Given growing concerns regarding the chocolate sector’s long-term future, ever more private-sector, public-sector and civil-society stakeholders have become involved in initiatives aiming to make cocoa production more ‘sustainable’. However, despite the omnipresent term, stakeholders’ understandings of associated environmental, commercial and socio-economic priorities diverge: while transforming cocoa into a more attractive livelihood for farmers is paramount for some, others prioritise links to global environmental challenges. A third dimension encompasses commercial concerns related to securing supply, an increasing qualm given projected cocoa shortages and ever-rising concentration in the marketplace.
This research argues there are considerable tensions between different stakeholders’ commercial, socio-economic and environmental priorities in cocoa sustainability initiatives especially in light of the sector’s intensifying challenges. Further tensions emerge between underlying drivers and representations, as public-facing communication continues to emphasise altruism rather than commercial necessity, locating engagements in ‘nice-to-have’ rather than ‘business imperative’ territory. Based on documentary analysis, semi-structured interviews, focus group discussions and participant observation, this thesis aims to capture how cocoa-sector changes have driven shifts in stakeholder priorities and representations, incorporating voices from across the initiatives ranging from cocoa producers to chocolate consumers.

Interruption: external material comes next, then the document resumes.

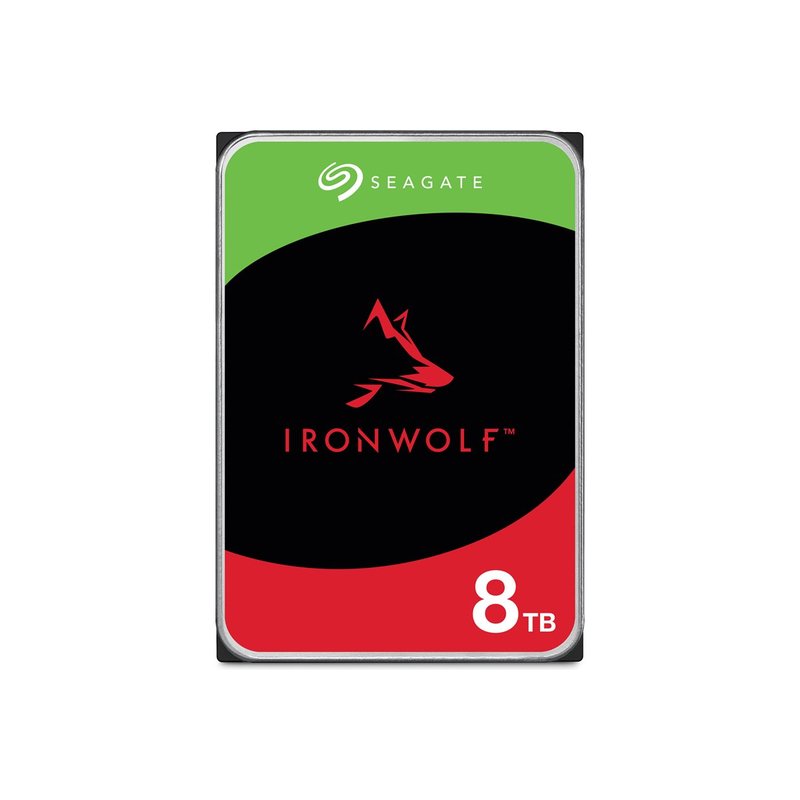 Seagate IronWolf ST8000VN002 disco duro interno 3.5" 8000 GB Serial ATA III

Utilising a modified global production networks lens to represent the full spectrum of stakeholders involved, the research maps three cocoa sustainability initiatives incorporating conservation or carbon measures in terms of power and embeddedness, stakeholder drivers and representations. While identifying tensions, it also argues that acknowledging divergent understandings of the polysemic ‘sustainability’ concept constitutes an opportunity for a much-needed redressing of power and embeddedness asymmetries to address systemic issues threatening the sector’s future. However, the thesis also observes that despite protestations of partnership, few actors are willing to contemplate the systemic changes in favour of more equitable treatment and power distribution which would be required to safeguard the sector’s long-term viability.
This thesis’s contributions include its unprecedented critical exploration of the diverging socio-economic, commercial and environmental drivers which diverse stakeholders associate with cocoa sustainability, the meanings they create towards the public, and the link to underlying power and embeddedness structures. These analytical foci have proved instrumental in unpacking emerging tensions, which are likely to grow more marked as cocoa shortages become more acute and understandings of sustainability continue to diverge.